Dueling values at State of the Union -- Feb. 7, 2013 column


By MARSHA MERCER
For his 1965 State of the Union address, Lyndon Johnson tried something new.
Wanting to reach the largest audience possible, LBJ moved the speech from day to primetime.
At 9:04 p.m. on Jan. 4, 1965, before a joint session of Congress, the president laid out his vision for a Great Society -- including hospital insurance for the elderly, a voting rights law for African Americans, federal aid for education and an extension of the minimum wage.
Not to be outdone, Republicans demanded time for a response, also a first. GOP House leader Gerald Ford and Senate leader Everett Dirksen did the honors.
Within two years, most of Johnson’s proposals were law.
Those were the days. LBJ had just won by a landslide. He knew he had to act fast to get big things accomplished. His laundry list became marching orders for the fattest Democratic majority in Congress since the New Deal.
Shortly after 9 p.m. on Tuesday, President Barack Obama will deliver his State of the Union address before a joint session of Congress. He knows he has to act fast to accomplish his goals. He’ll outline a laundry list of legislative priorities. A Republican response will follow. And that’s where similarities with 1965 end.

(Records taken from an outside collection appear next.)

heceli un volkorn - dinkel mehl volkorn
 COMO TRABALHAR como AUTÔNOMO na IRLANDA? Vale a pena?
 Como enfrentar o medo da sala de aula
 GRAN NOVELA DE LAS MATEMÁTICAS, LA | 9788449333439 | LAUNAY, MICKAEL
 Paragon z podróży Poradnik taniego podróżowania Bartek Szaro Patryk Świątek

Obama will face a divided, deeply partisan Congress. He’ll expound on how the Democratic values he talked about in his Inaugural Address translate into policies to strengthen the middle class. If the last four years are a guide, though, many of his proposals will go nowhere.    
Sen. Marco Rubio of Florida, a Cuban-American in his first term, will give the Republican response. Rubio is a fresh face and he’s trying something new: He will speak in Spanish and English. He’s expected to offer a view of how smaller government, as championed by the GOP, will help the middle class.
Rubio has a tough assignment – to hit the reset button on a party that fumbled the last election. Republican Gov. Bobby Jindal of Louisiana recently called the GOP “the stupid party” for dumbing down its brand and failing to appeal to minorities. Plus, Rubio has a lot of hype to live up to. He’s glorified on the cover of this week’s Time magazine as “The Republican Savior.”
As theater, the night of dueling values could get interesting.
Obama will use the bully pulpit to promote job creation, targeting education to job skills, reducing dependence on foreign oil while promoting green energy, reforming immigration and reducing gun violence. He wants to increase spending on those priorities.  
At the same time, the president insists he’s eager for a “big deal” on deficit reduction that will end the cycle of government by crisis that replays every few weeks or months.
Obama’s brand is strong among Democrats after his Inaugural Address in which he set out liberal themes for his second term, but he has alienated Republicans. The White House envisioned the two speeches as a package with the State of the Union offering what former senior Obama adviser David Plouffe called “details and blueprints.”
Obama gave a glimpse of Tuesday’s speech in remarks this week to House Democrats.
“The question I will ask myself on every item, every issue is, is this helping to make sure that everybody's got a fair shot and everybody is doing their fair share and everybody's playing by the same rules?” he said.
Next month, Obama is expected to send Congress his budget for the fiscal year that starts in October.
Despite Lyndon Johnson’s legendary success, most presidents fail to get what they ask in the State of the Union speech.  
Between 1965 and 2002, on average 43 percent of the policy proposals contained in State of the Union addresses were enacted by Congress in the legislative session in which the president gave his speech, Donna R. Hoffman and Alison D. Howard wrote in the 2006 book “Addressing the State of the Union.”
For second presidential terms, the success rate drops to 39 percent.
In 2013, the Democratic president’s State of the Union address will be a wish list. The Republican response will be one too.